By Pauline Kerr
The phone rings. After a moment’s delay, the mechanical voice identifies itself as Visa security, and describes a couple of weird charges on a credit card.
At that point, most people mutter a few choice words and hang up. The call is obviously a scam.
The volume of these calls seems to be increasing, or it could be that more of us are at home because of COVID-19 to receive the calls. Frustrating.
The type of call seems to be changing too – not so much frustrating as disturbing. Someone told the police are on their way with a search warrant might not recognize it as a scam, especially since the call can be made to look like it comes from a local police phone number.
It seems quite plausible in this age of identity theft that some piece of identification could have been stolen or copied, and then used in commission of a crime. When a sympathetic caller suggests bank accounts may have been compromised – they can check, just give them the account numbers and passwords – a person might.

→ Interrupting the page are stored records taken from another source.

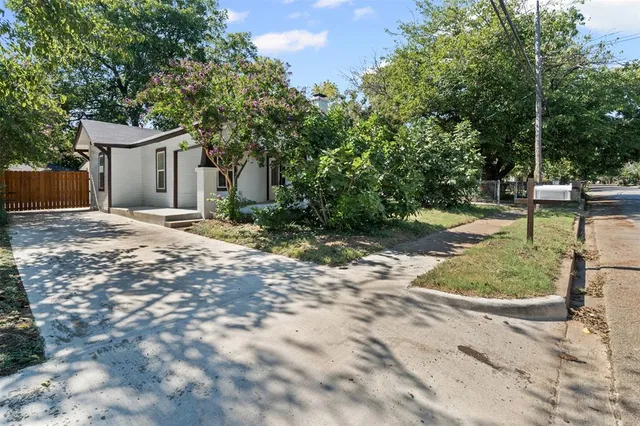 a backyard of a house with a yard and outdoor seating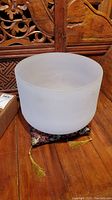 Front view of crystal bowl resting on cushion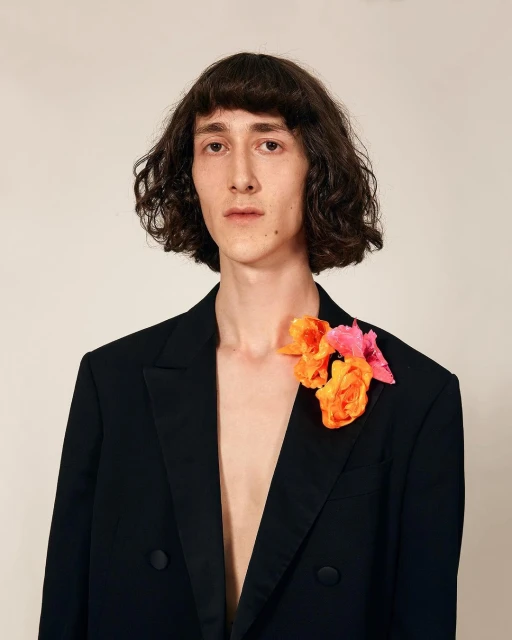 A person in a black blazer stands against a neutral backdrop, with orange and pink flowers pinned to the blazer's lapel.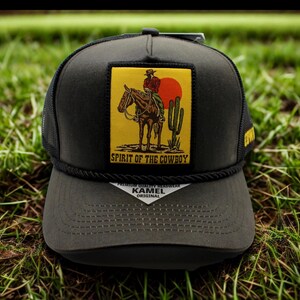 May include: A black trucker hat with a flat peak and a mesh back. The front has a yellow patch with a cowboy on a horse, a red sun, and the text "Spirit of the Cowboy."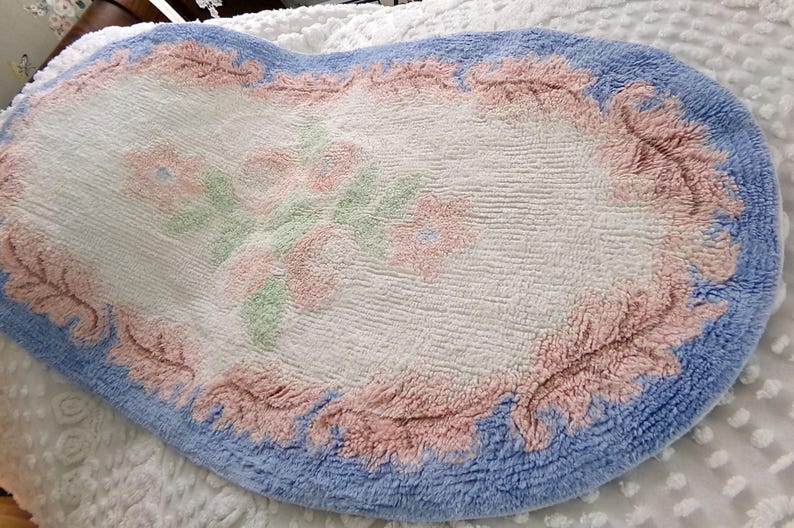 May include: A white oval bath mat with a blue border and pink floral design. The mat has a soft, fluffy texture.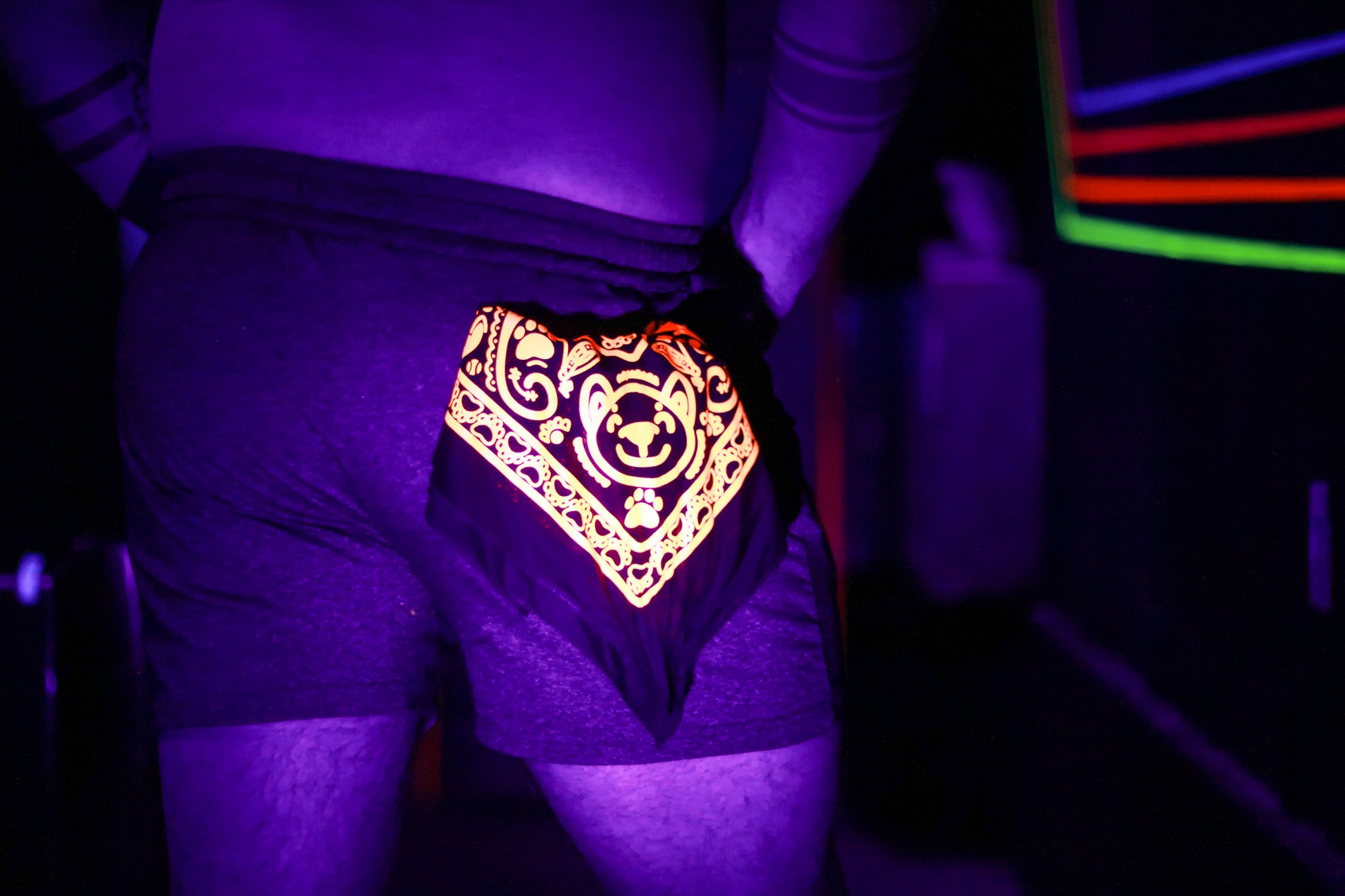 close up of neon orange colored bandana, in back pocket of model. lit by black light and club lighting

Of course, the caller might take a different tack and suggest the person just pay the fine and make the whole mess go away. There is nothing like terrifying a person and then offering them an easy way out, to get them to open their wallet.
The COVID-19 pandemic has offered phone scammers new opportunities to separate us from our hard-earned money.
Someone who might not get out much – which describes a large number of elderly people during a lockdown – might believe a caller pretending to be from Revenue Canada who says special arrangements have been made because of the pandemic to accept new forms of payment for unpaid taxes, for example, gift cards or Bit Coin.
Scammers like to target people who are elderly or who have cognitive deficits, new Canadians who may not understand how our banking or police systems work, and anyone who is naïve or vulnerable in some way.
Their dream come true is a loving, generous and naïve grandma who lives on her own. She might believe a grandchild off skiing somewhere needs bail money immediately, and even better, might be too embarrassed to tell anyone after she figures out she has been scammed.
Not that it matters if she actually calls police. Most phone scammers operate from outside Canada, despite what that number on call display indicates. A report will be filed with local police and the Canadian Anti-Fraud Centre. And there will be another public service announcement alerting people on how to avoid being victimized by the latest phone fraud. Public education is how our government responds to this type of crime.
We realize going after criminals in other countries is hard, but not impossible. If the crime even hints at terrorism, it seems quite doable.
Perhaps we should start referring to certain cases of phone fraud as terrorism – scaring the living daylights out of some poor soul by threatening to haul him off to jail for not paying his taxes would certainly qualify.
Perhaps a government official would kindly explain, in terms we can understand, why a country as forward-thinking and tech-savvy as Canada has not done a better job of protecting our telecommunications system from crime. They might tell us how scammers can make millions of overseas phone calls per day at virtually no cost, while regular customers pay big money for every call.
And perhaps those of us who have been victimized by a phone scam or are simply tired of those early morning robocalls from the fake Visa security clown could ask why Canada continues to provide foreign aid to countries where phone scam call centres are known to operate freely.
In the meantime, we need to read up on the latest Revenue Canada scams. Tax season is almost upon us, and what with CERB and other COVID-related mixups, it promises to be fairly chaotic.
The scammers, darned their nasty, four-sizes-too-small hearts, will be taking full advantage.